Tummy time is the best way for your infant to develop head control. It serves many functions for development. To understand this, try a simple experiment.
- Lie on your back and flail your arms in the air.
- Notice you have nothing to push against, nothing to do but use your vision to support you.
- Now, turn over and lie on your tummy.
- Notice how you can push up with your forearms against the floor.
- Feel how this push travels through your whole body; ideally down your spine, and out your toes.

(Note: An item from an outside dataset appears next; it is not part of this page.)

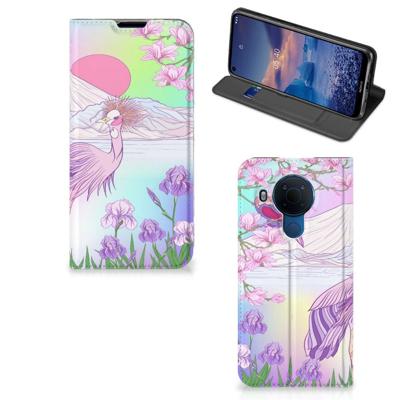 Nokia 5.4 | Hoesje maken | Bird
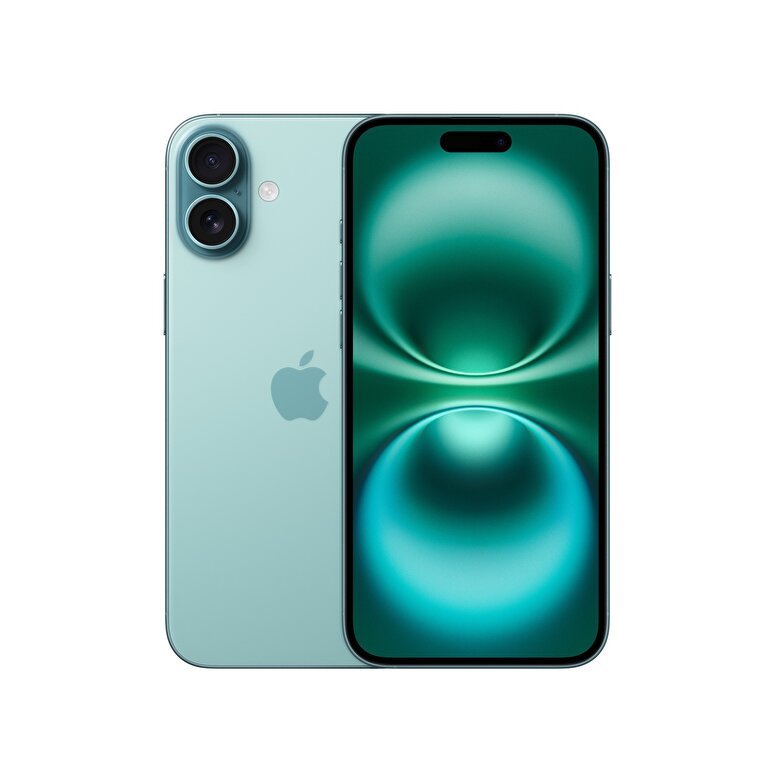 Apple iPhone 16 Plus 128GB Deniz Mavisi  MXVY3TU/A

- Notice how on your tummy allows you to learn how to life your head, a very important infant task for ages 1-5 months
tummy time is high priority for infant learning. If your baby fusses and doesn’t like it, try getting down on the floor at their level. Interact with them. One mom who tried this simple thing said her baby was so much more alert when she went to Mom’s groups. She felt her interactive time with her infant where she was on the floor had helped her babies development far beyond her babies “peers.”
Tummy time is simple. I also suggest using compressive touch to your baby’s, feet, ankles, forearms when on their tummy. Help them feel and orient to weight and pressure.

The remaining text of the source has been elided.